Your task is to copy every record exactly.

==== EXERCISE INPUTS ====

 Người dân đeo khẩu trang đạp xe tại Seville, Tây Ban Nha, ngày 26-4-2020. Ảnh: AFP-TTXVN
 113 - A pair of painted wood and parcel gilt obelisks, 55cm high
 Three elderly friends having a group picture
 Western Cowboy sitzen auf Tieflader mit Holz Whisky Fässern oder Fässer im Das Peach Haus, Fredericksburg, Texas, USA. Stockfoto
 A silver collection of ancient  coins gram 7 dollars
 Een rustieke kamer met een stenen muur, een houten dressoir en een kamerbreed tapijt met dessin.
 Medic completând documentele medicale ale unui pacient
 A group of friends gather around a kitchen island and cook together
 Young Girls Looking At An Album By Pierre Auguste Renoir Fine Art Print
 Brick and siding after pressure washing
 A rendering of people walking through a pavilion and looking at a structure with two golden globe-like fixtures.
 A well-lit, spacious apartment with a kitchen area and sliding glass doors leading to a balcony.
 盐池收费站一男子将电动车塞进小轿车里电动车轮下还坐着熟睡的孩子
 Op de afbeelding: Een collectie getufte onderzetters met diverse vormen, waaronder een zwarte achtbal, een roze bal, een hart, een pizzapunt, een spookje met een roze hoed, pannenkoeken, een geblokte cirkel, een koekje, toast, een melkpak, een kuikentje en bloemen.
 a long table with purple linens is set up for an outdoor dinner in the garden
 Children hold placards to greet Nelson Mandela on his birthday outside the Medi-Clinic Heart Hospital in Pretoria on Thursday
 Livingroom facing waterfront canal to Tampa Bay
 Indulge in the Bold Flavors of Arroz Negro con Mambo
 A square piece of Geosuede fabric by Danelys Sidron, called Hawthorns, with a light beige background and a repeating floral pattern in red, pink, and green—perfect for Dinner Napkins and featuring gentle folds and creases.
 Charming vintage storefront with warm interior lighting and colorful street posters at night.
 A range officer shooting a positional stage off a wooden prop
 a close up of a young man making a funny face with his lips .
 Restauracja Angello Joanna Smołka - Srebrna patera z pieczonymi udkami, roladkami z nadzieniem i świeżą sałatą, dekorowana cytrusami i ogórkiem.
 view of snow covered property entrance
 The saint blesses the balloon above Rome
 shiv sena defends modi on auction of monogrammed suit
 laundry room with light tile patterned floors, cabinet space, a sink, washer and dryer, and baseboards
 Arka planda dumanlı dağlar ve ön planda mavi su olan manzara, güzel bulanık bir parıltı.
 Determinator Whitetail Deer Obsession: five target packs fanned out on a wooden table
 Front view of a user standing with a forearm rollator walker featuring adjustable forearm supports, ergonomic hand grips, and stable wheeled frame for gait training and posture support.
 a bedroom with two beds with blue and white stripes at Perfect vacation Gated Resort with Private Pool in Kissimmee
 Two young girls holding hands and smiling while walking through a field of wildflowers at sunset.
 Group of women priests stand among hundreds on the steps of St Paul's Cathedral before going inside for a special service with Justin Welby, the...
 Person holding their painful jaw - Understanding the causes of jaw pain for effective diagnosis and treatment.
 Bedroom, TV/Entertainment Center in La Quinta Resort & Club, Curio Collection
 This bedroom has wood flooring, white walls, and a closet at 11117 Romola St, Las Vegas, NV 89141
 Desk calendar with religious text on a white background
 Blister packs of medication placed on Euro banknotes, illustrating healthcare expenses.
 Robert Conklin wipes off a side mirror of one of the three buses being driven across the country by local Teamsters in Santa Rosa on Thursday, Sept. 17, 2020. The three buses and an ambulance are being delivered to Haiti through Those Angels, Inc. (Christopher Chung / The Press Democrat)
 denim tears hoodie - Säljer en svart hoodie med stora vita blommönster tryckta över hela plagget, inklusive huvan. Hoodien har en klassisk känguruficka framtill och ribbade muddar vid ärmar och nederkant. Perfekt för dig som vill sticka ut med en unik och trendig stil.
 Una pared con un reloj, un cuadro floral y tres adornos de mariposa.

====

**TASK SOLUTION:**
 Người dân đeo khẩu trang đạp xe tại Seville, Tây Ban Nha, ngày 26-4-2020. Ảnh: AFP-TTXVN
 113 - A pair of painted wood and parcel gilt obelisks, 55cm high
 Three elderly friends having a group picture
 Western Cowboy sitzen auf Tieflader mit Holz Whisky Fässern oder Fässer im Das Peach Haus, Fredericksburg, Texas, USA. Stockfoto
 A silver collection of ancient  coins gram 7 dollars
 Een rustieke kamer met een stenen muur, een houten dressoir en een kamerbreed tapijt met dessin.
 Medic completând documentele medicale ale unui pacient
 A group of friends gather around a kitchen island and cook together
 Young Girls Looking At An Album By Pierre Auguste Renoir Fine Art Print
 Brick and siding after pressure washing
 A rendering of people walking through a pavilion and looking at a structure with two golden globe-like fixtures.
 A well-lit, spacious apartment with a kitchen area and sliding glass doors leading to a balcony.
 盐池收费站一男子将电动车塞进小轿车里电动车轮下还坐着熟睡的孩子
 Op de afbeelding: Een collectie getufte onderzetters met diverse vormen, waaronder een zwarte achtbal, een roze bal, een hart, een pizzapunt, een spookje met een roze hoed, pannenkoeken, een geblokte cirkel, een koekje, toast, een melkpak, een kuikentje en bloemen.
 a long table with purple linens is set up for an outdoor dinner in the garden
 Children hold placards to greet Nelson Mandela on his birthday outside the Medi-Clinic Heart Hospital in Pretoria on Thursday
 Livingroom facing waterfront canal to Tampa Bay
 Indulge in the Bold Flavors of Arroz Negro con Mambo
 A square piece of Geosuede fabric by Danelys Sidron, called Hawthorns, with a light beige background and a repeating floral pattern in red, pink, and green—perfect for Dinner Napkins and featuring gentle folds and creases.
 Charming vintage storefront with warm interior lighting and colorful street posters at night.
 A range officer shooting a positional stage off a wooden prop
 a close up of a young man making a funny face with his lips .
 Restauracja Angello Joanna Smołka - Srebrna patera z pieczonymi udkami, roladkami z nadzieniem i świeżą sałatą, dekorowana cytrusami i ogórkiem.
 view of snow covered property entrance
 The saint blesses the balloon above Rome
 shiv sena defends modi on auction of monogrammed suit
 laundry room with light tile patterned floors, cabinet space, a sink, washer and dryer, and baseboards
 Arka planda dumanlı dağlar ve ön planda mavi su olan manzara, güzel bulanık bir parıltı.
 Determinator Whitetail Deer Obsession: five target packs fanned out on a wooden table
 Front view of a user standing with a forearm rollator walker featuring adjustable forearm supports, ergonomic hand grips, and stable wheeled frame for gait training and posture support.
 a bedroom with two beds with blue and white stripes at Perfect vacation Gated Resort with Private Pool in Kissimmee
 Two young girls holding hands and smiling while walking through a field of wildflowers at sunset.
 Group of women priests stand among hundreds on the steps of St Paul's Cathedral before going inside for a special service with Justin Welby, the...
 Person holding their painful jaw - Understanding the causes of jaw pain for effective diagnosis and treatment.
 Bedroom, TV/Entertainment Center in La Quinta Resort & Club, Curio Collection
 This bedroom has wood flooring, white walls, and a closet at 11117 Romola St, Las Vegas, NV 89141
 Desk calendar with religious text on a white background
 Blister packs of medication placed on Euro banknotes, illustrating healthcare expenses.
 Robert Conklin wipes off a side mirror of one of the three buses being driven across the country by local Teamsters in Santa Rosa on Thursday, Sept. 17, 2020. The three buses and an ambulance are being delivered to Haiti through Those Angels, Inc. (Christopher Chung / The Press Democrat)
 denim tears hoodie - Säljer en svart hoodie med stora vita blommönster tryckta över hela plagget, inklusive huvan. Hoodien har en klassisk känguruficka framtill och ribbade muddar vid ärmar och nederkant. Perfekt för dig som vill sticka ut med en unik och trendig stil.
 Una pared con un reloj, un cuadro floral y tres adornos de mariposa.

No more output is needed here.